Background: Belief in God is very common and tied to mental health/illness in the general population, yet its relevance to psychiatric patients has not been adequately studied. We examined relationships between belief in God and treatment outcomes, and identified mediating mechanisms.
Methods: We conducted a prospective study with n=159 patients in a day-treatment program at an academic psychiatric hospital. Belief in God, treatment credibility/expectancy, emotion regulation and congregational support were assessed prior to treatment. Primary outcomes were treatment response as well as degree of reduction in depression over treatment. Secondary outcomes were improvements in psychological well-being and reduction in self-harm.

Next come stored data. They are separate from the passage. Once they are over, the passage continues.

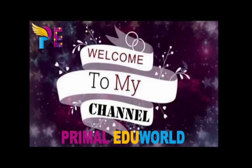Hello friends, welcome back to my channel Primal EduWorld, your quick and easy online guide to computer tips and tricks and learning coding.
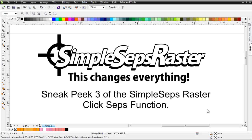Now, the ClickSeps isn't going to work in every single separation that you try to use it with. There are some instances where you want to go to the full feature generate separations tab and go through all the steps so that we can really pull the colors out. But you're going to find that a lot of the time you'll be able to work with the ease of the ClickSeps function to very quickly color separate images within a limited number of spot colors.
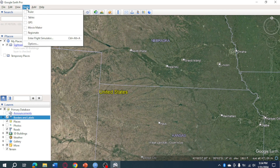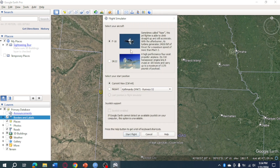From there, click on Flight Simulator. Then choose your aircraft — either the F-16 or the SR22. I'll go ahead and choose the F-16.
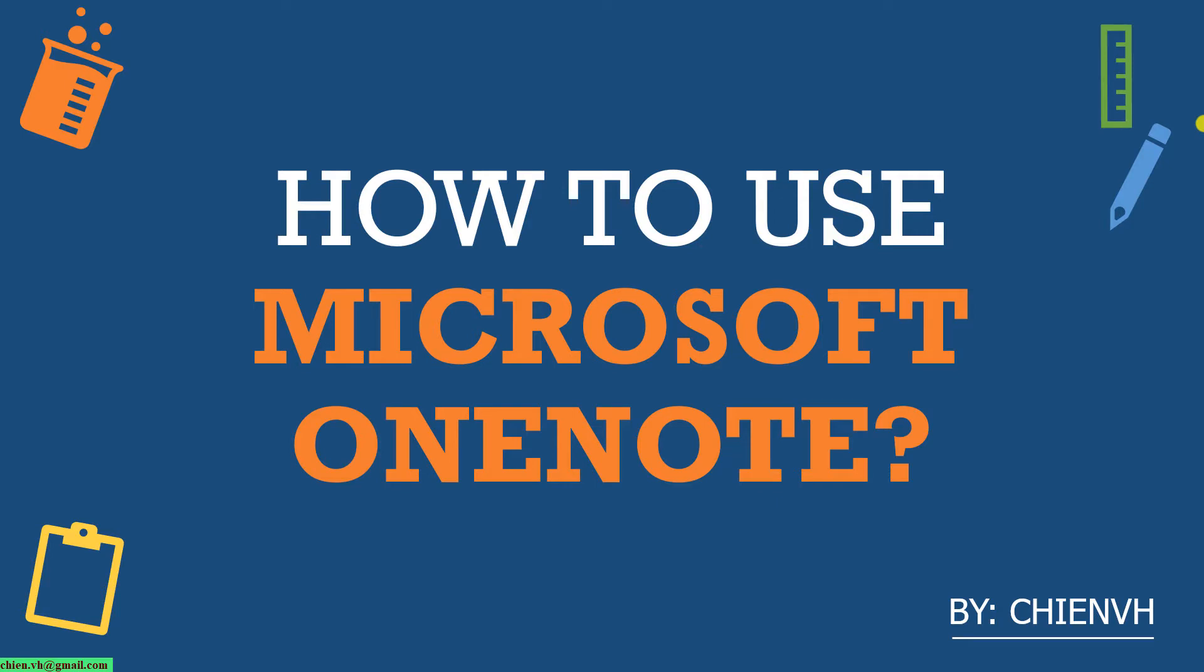Hi, in this video today, I would like to show you how to use Microsoft OneNote to manage some of the knowledge and information for a person or working in a team. Let's get started.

Results: Belief in God was significantly higher among treatment responders than non-responders F(1,114)=4.81, p<.05. Higher levels of belief were also associated with greater reductions in depression (r=.21, p<.05) and self-harm (r=.24, p<.01), and greater improvements in psychological well-being (r=.19, p<.05) over course of treatment. Belief remained correlated with changes in depression and self-harm after controlling for age and gender. Perceived treatment credibility/expectancy, but not emotional regulation or community support, mediated relationships between belief in God and reductions in depression. No variables mediated relationships to other outcomes. Religious affiliation was also associated with treatment credibility/expectancy but not treatment outcomes.
Conclusions: Belief in God, but not religious affiliation, was associated with better treatment outcomes. With respect to depression, this relationship was mediated by belief in the credibility of treatment and expectations for treatment gains.